To get started, explore and choose from one of the following data sets:
- Telecom Customer Churn Data Set
- Mental Health in Tech Survey Data Set
- Flight Delays and Cancellations Data Set
- Craft Beers Data Set
- Human Resources Data Set
These are all Kaggle data sets, so you can gain some context about them by looking at the field descriptions and the Overview tab for each data set. You can also get project ideas by looking at the different Kernels that people have created using the data sets and the approaches they have taken, but please do not plagiarize or copy someone else's work. Remember that the goal of this project is to demonstrate your skills, not someone else's.
You are free to use other data sources from Kaggle, UCI ML Repository, data.gov, public APIs, websites, etc. However you will need to spend more time to search and evaluate the quality and complexity of the data set you want to use. Discuss with your instructor as early as possible regarding your project ideas in order to avoid potential blockers.
As you are evaluating the data sets and deciding which you would like to use for your project, think about the different types of information that could be extracted from each one and what problems you could potentially solve. You are not required to use machine learning but it is definitely a plus if you use it. It is totally fine if you are more of a business-focused person and use Tableau to extract business intelligence from the data. It is also fine if you are more of a traditional data analyst and primarily conduct statistical analysis on your data. But challenging your own limit is always beneficial.
Below are some ideas for the data sets we selected for you which can help get you started with these data sets.
This data set is great for practicing supervised machine learning. The most obvious supervised learning problem to model with this data set is attempting to predict churn (whether or not a customer is going to leave). Another supervised problem you can try to solve is predicting tenure, or how long a customer will end up staying with the company. There are also a lot of ways to slice, dice, and analyze this data set - for example, looking at how monthly charges increase or decrease depending on different types of contract, tenure, and services provided.
This data set is also good for supervised learning, where you would attempt to predict the whether the employee taking the survey has received treatment for mental health (treatment variable). You can also analyze how the other variables in the data set contribute to whether someone seeks treatment for mental health and explore what types of environments result in employees with the best mental heath states.

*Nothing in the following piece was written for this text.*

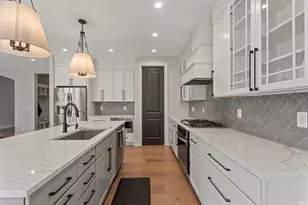 18071 Abington Ct, South Bend, IN 46637 - Photo 13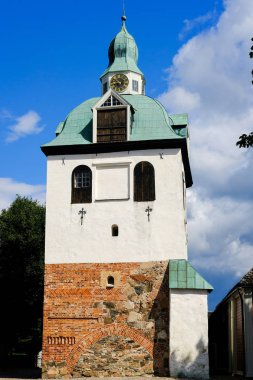 Eski Finlandiya kasaba Porvoo geleneksel kırmızı ahşap depolar ile Meryem Katedral Kulesi.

This relational data set can help you practice your SQL joins as well as supervised learning as you attempt to predict which flights will be delayed and by how much time. There are also a variety of ways to explore this data set to determine which airlines are most efficient, what times of day there tends to be the most delays, which cities have more frequent delays than others, and how all this changes over time.
This relational data set has fewer variables than the others, and that means that choosing it for your project will require you to apply some extra creativity. For example, you can create categorical variables out of the numeric abv and ibu variables to categorize a beer's strength and hopiness. You can also use string operations on the style field to extract additional keyword-based categories (e.g. IPAs, American, English, Wheat, etc.). For modeling, you can attempt to predict the style of the beer or the probability that it falls into a particular style. Alternatively, you can attempt to compute similarity between beers to determine which ones are most like which other ones.
This is another relational data set where you can practice your SQL joins as well as data wrangling, analysis, and machine learning. As far as applying machine learning to this data set, you can attempt to cluster employees together into similar groups, you can attempt to predict performance scores or pay rate, or you can attempt to predict whether an employee will be terminated within a certain amount of time. Additionally, you can also analyze the relationship between pay and performance by position, department, and manager as well as employee demographics.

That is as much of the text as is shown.